## [Work request]
What you return should be the entries, unchanged, without their pictures.

*** Block opens ***

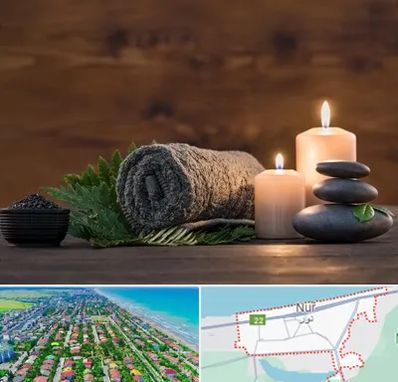 ماساژ در منزل در نور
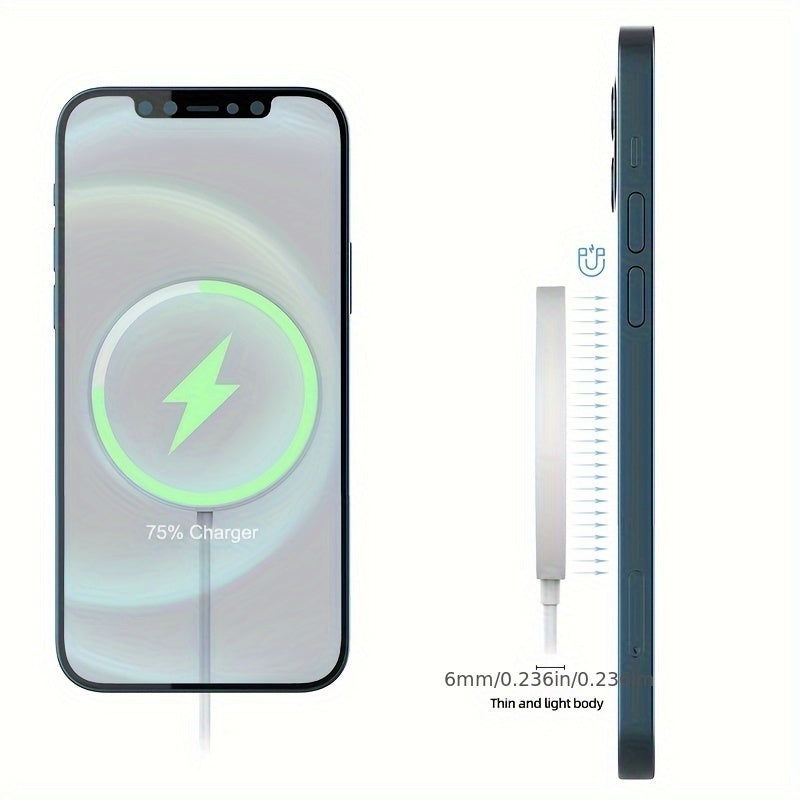 Carregador Iphone Magnético Luxe - Conexão Elegante e Prática para Seu iPhone"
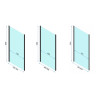 Rea drzwi prysznicowe 90x195 Rapid Swing chrom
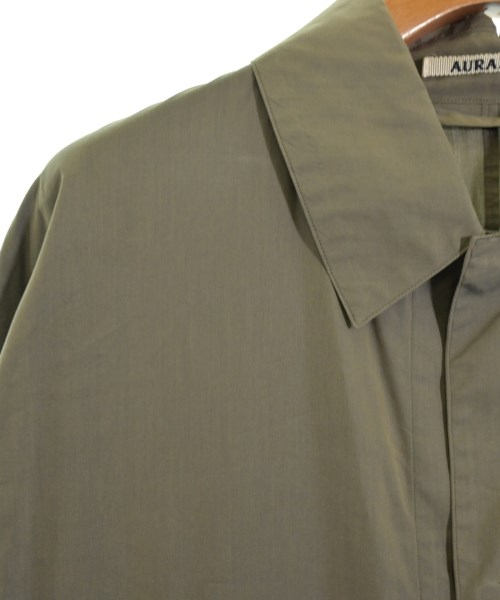 AURALEE（オーラリー）ステンカラーコート カーキ サイズ:4(M位) メンズ/2200652750089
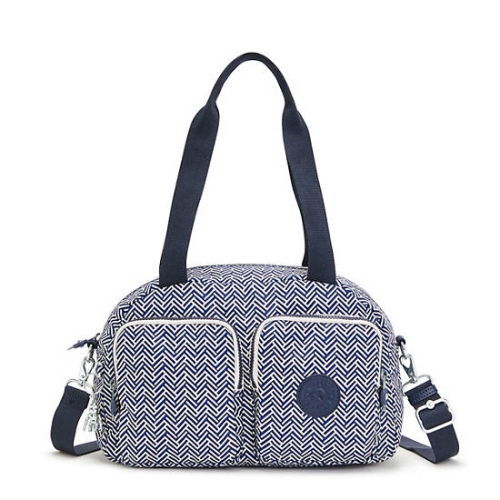 Kipling Cool Defea Printed Shoulder Bags Grey | USA-37HKNW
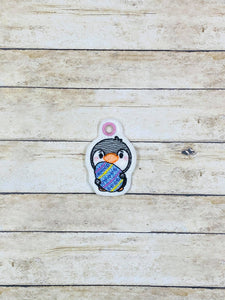 Easter Penguin Zipper Pull Embroidery Design File PP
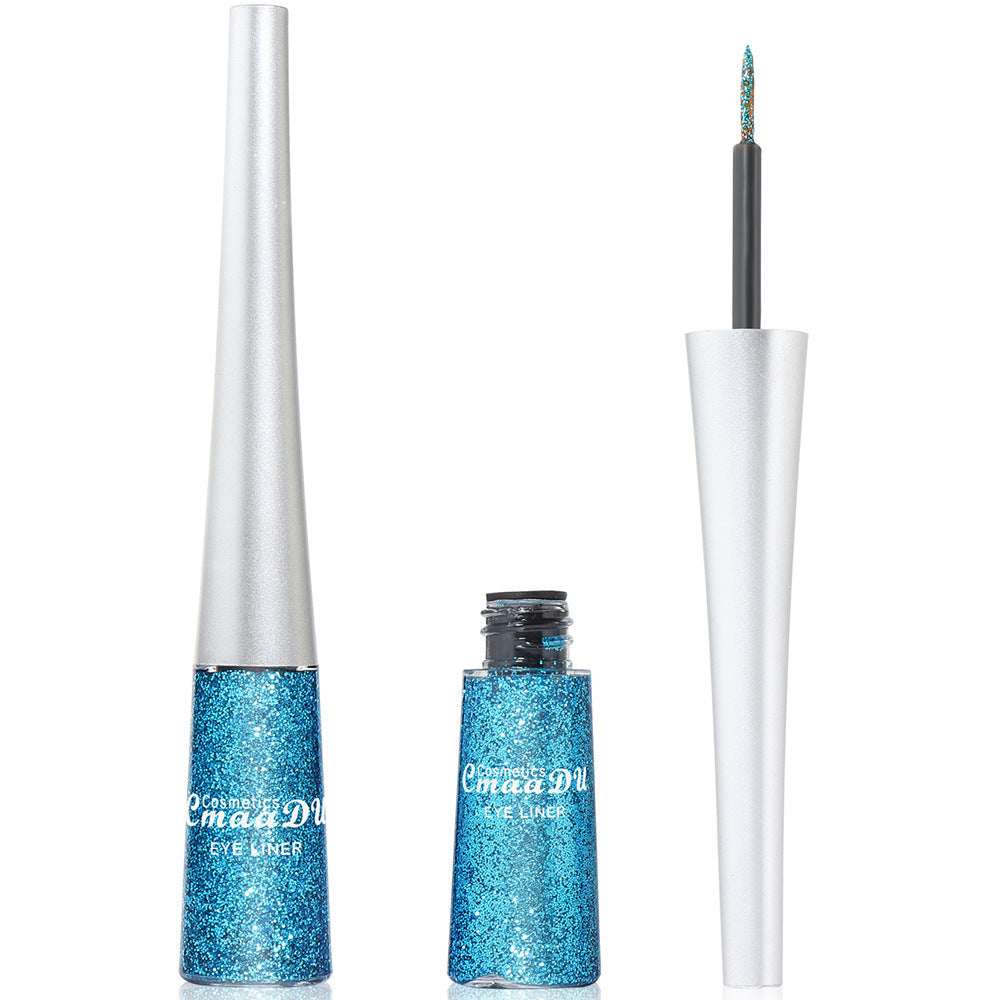 Fashion Creative Glitter Powder Liquid Eyeliner Set - Hiccupzz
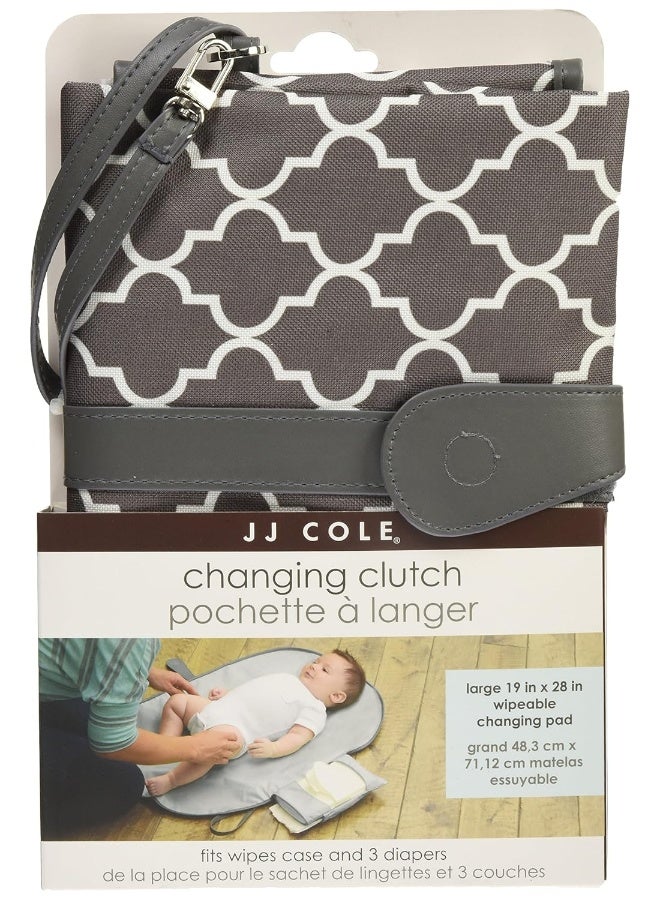 JJ Cole Diaper Changing Clutch, Stone Arbor - Image 5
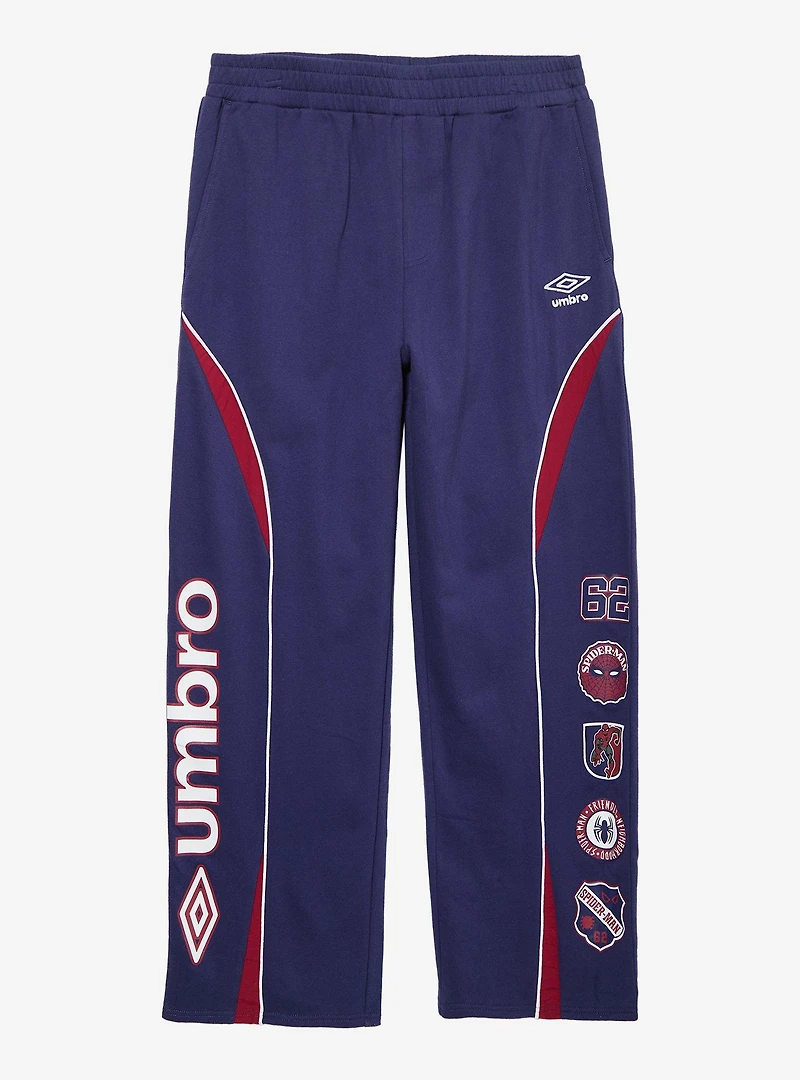 Marvel Spider-Man x Umbro Wide Leg Fleece Pants - BoxLunch Exclusive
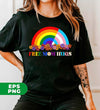 Free Mom Hugs, Groovy Flower, Pride Rainbow, LGBT Gift, LGBTQ+, Pride Month, Digital Files, Png Sublimation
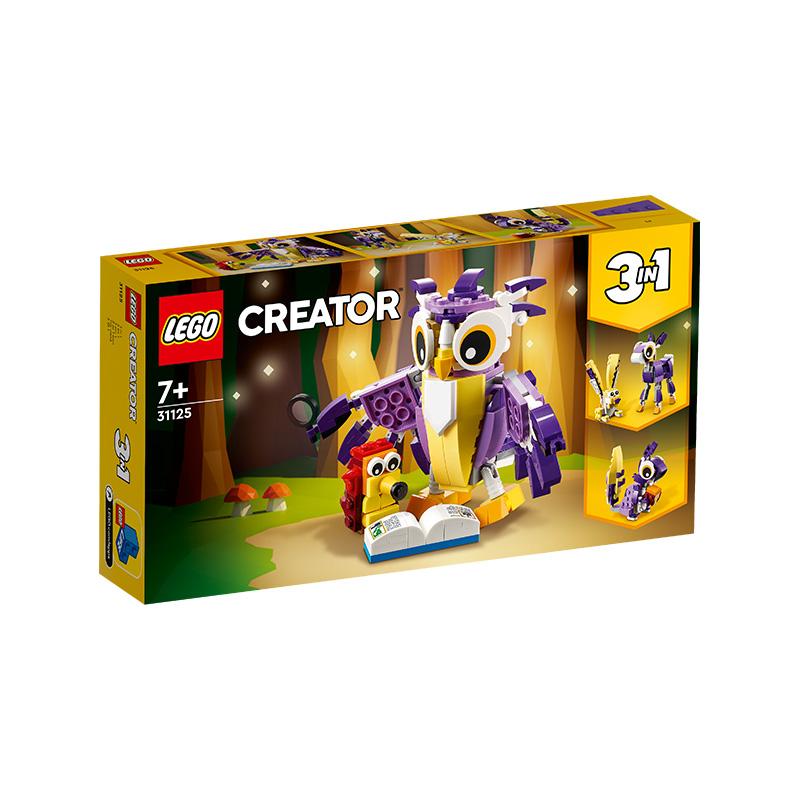 Đồ Chơi LEGO CREATOR Sinh Vật Rừng Xanh 31125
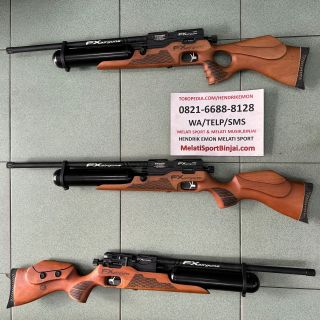 Bocap FXCrown/ FXAirgun Kayu Full CNC Laras Loreng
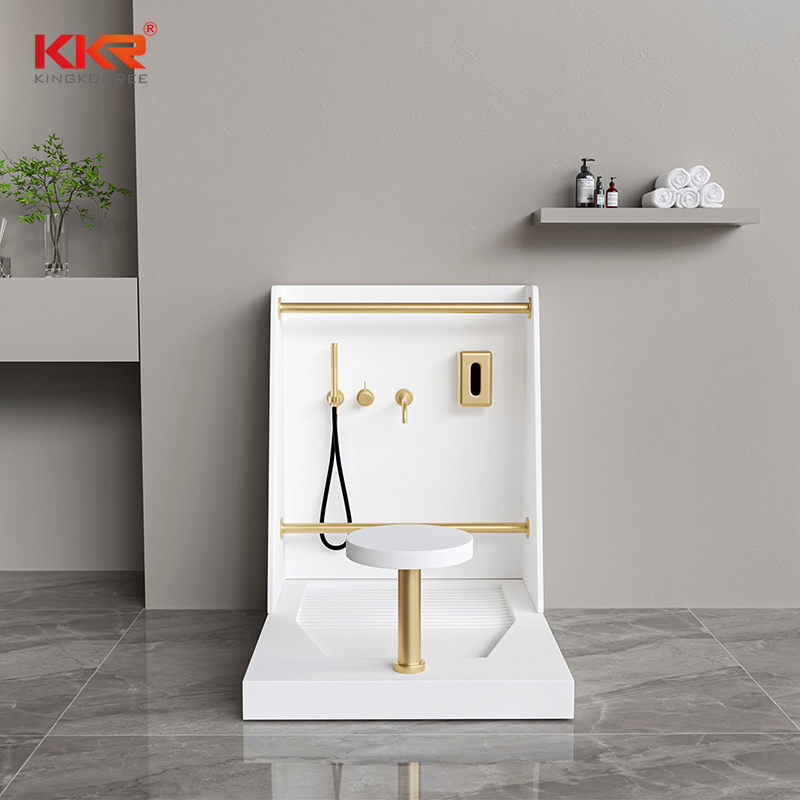 Premium Wudu Basin – Islamic Ablution Solid Surface Sink for Mosques & Prayer Rooms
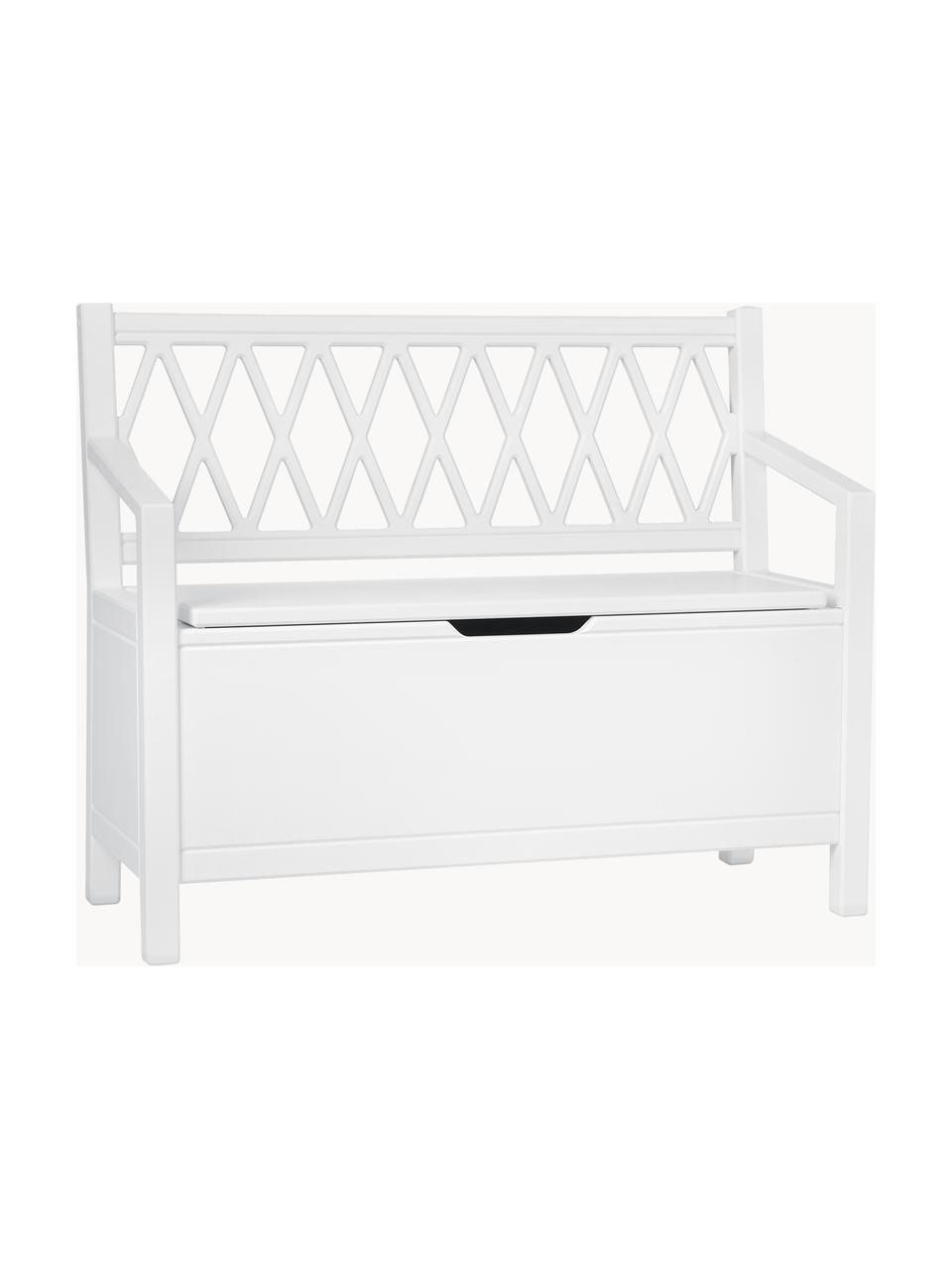 Banc pour enfant avec rangement Harlequin, Bois de bouleau, MDF, peinture sans COV

Ce produit est fabriqué à partir de bois certifié FSC® issu d'une exploitation durable, Bouleau blanc laqué, larg. 70 x haut. 58 cm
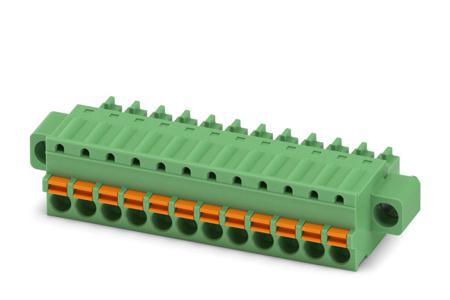 1851339 Phoenix Contact, 3.81mm Pitch, FK-MCP 1.5/12-STF-3.81, 12 Way, , Pluggable Terminal Block, Plug, Cable Mount, Spring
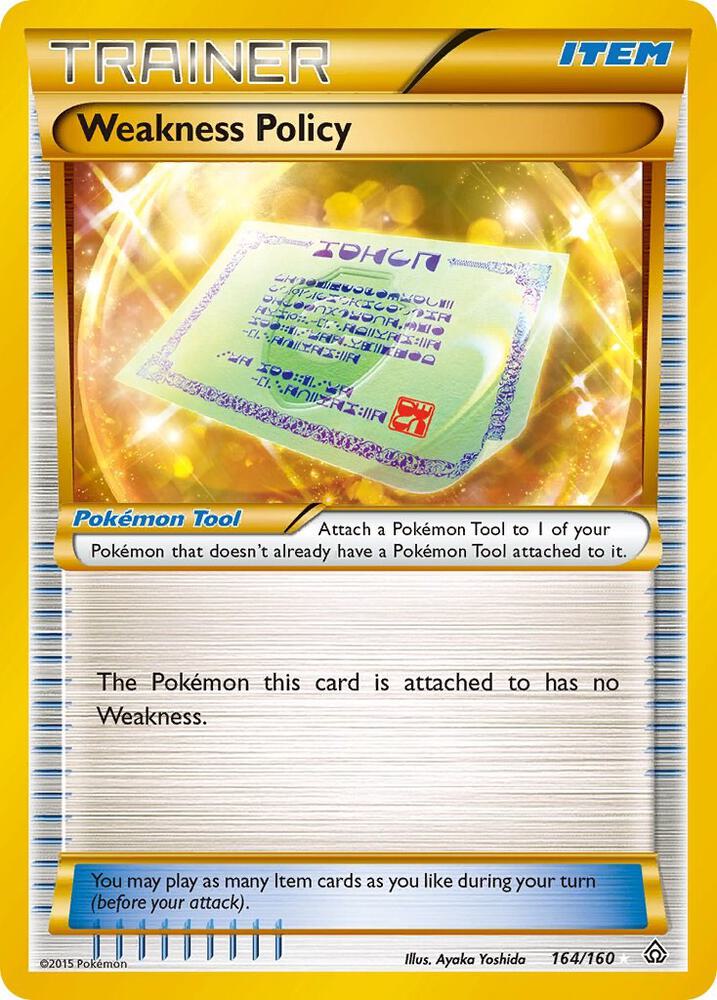 Weakness Policy (164 Secret Rare) - XY - Primal Clash - Pokemon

*** Block closes ***

## [Solution to the problem]
 ماساژ در منزل در نور
 Carregador Iphone Magnético Luxe - Conexão Elegante e Prática para Seu iPhone"
 Rea drzwi prysznicowe 90x195 Rapid Swing chrom
 AURALEE（オーラリー）ステンカラーコート カーキ サイズ:4(M位) メンズ/2200652750089
 Kipling Cool Defea Printed Shoulder Bags Grey | USA-37HKNW
 Easter Penguin Zipper Pull Embroidery Design File PP
 Fashion Creative Glitter Powder Liquid Eyeliner Set - Hiccupzz
 JJ Cole Diaper Changing Clutch, Stone Arbor - Image 5
 Marvel Spider-Man x Umbro Wide Leg Fleece Pants - BoxLunch Exclusive
 Free Mom Hugs, Groovy Flower, Pride Rainbow, LGBT Gift, LGBTQ+, Pride Month, Digital Files, Png Sublimation
 Đồ Chơi LEGO CREATOR Sinh Vật Rừng Xanh 31125
 Bocap FXCrown/ FXAirgun Kayu Full CNC Laras Loreng
 Premium Wudu Basin – Islamic Ablution Solid Surface Sink for Mosques & Prayer Rooms
 Banc pour enfant avec rangement Harlequin, Bois de bouleau, MDF, peinture sans COV

Ce produit est fabriqué à partir de bois certifié FSC® issu d'une exploitation durable, Bouleau blanc laqué, larg. 70 x haut. 58 cm
 1851339 Phoenix Contact, 3.81mm Pitch, FK-MCP 1.5/12-STF-3.81, 12 Way, , Pluggable Terminal Block, Plug, Cable Mount, Spring
 Weakness Policy (164 Secret Rare) - XY - Primal Clash - Pokemon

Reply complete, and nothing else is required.